Former Bed Bath & Beyond CEO Mark Tritton has filed a lawsuit against the company, accusing it of failing to honor his $6.765 million severance agreement. Tritton was ousted as CEO in June, following missed earnings and the company’s decision to focus on reversing recent results, addressing supply chain and inventory issues, and strengthening its balance sheet.
The lawsuit claims that Bed Bath & Beyond stopped making required bi-monthly payments towards Tritton’s severance in January, with the chief legal officer citing the need to preserve cash as the sole reason.
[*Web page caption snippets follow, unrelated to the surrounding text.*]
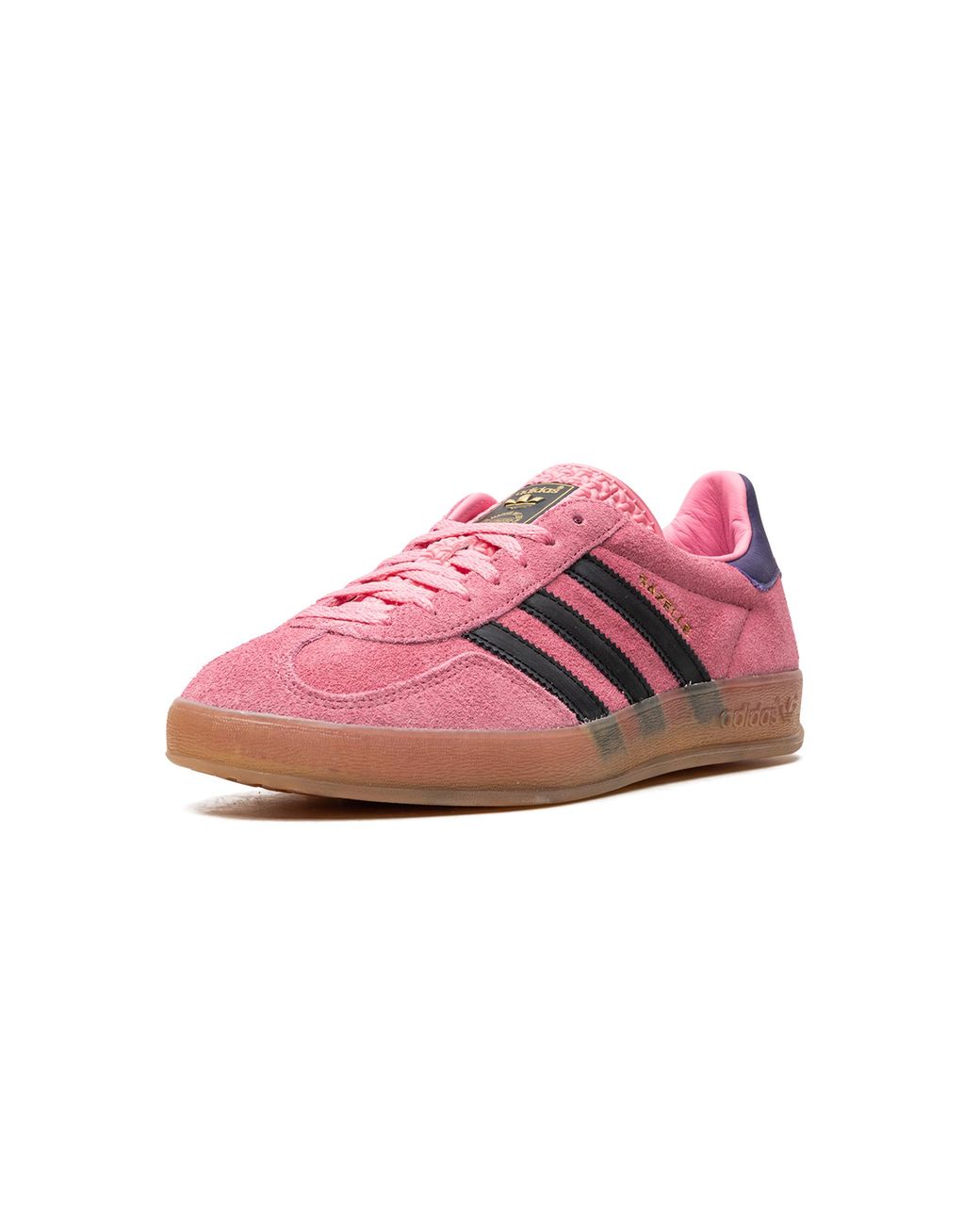 Adidas Black Gazelle Indoor "Bliss" Ie7002"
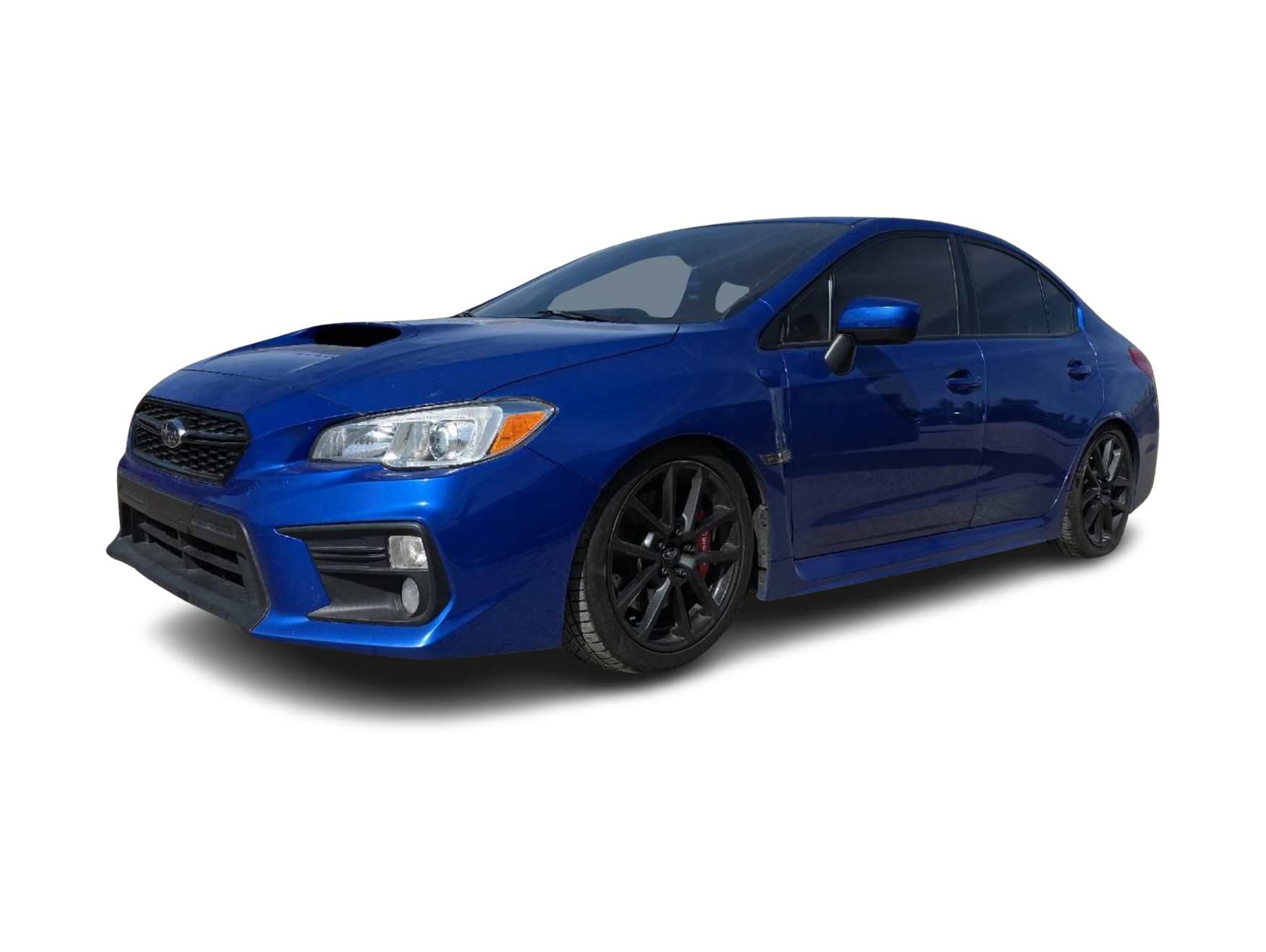 2020 Subaru WRX Premium -
                  Clovis, CA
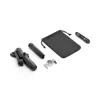 DJI Osmo Mobile 6 motorizovaný ručný stabilizátor kamery, čierny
Tritton also accused the company of acting in “bad faith” by proposing a discounted “buyout” of his severance, contingent on improved performance, even as it resumed paying severance to some former employees. Bed Bath & Beyond has not yet responded to requests for comment on the matter.
The company has faced several challenges recently, including the shocking suicide of former CFO Gustavo Arnal, who was named in an insider trading lawsuit less than two weeks before his death. The lawsuit alleges that Arnal, along with GameStop Chairman Ryan Cohen, conspired to inflate Bed Bath & Beyond’s stock for profit.
The company is currently trying to turn around its business after taking on too much debt, being slow to embrace online sales, and alienating consumers by de-emphasizing brand-name products. Bed Bath & Beyond is closing hundreds of stores and has announced plans to sell up to $300 million of stock.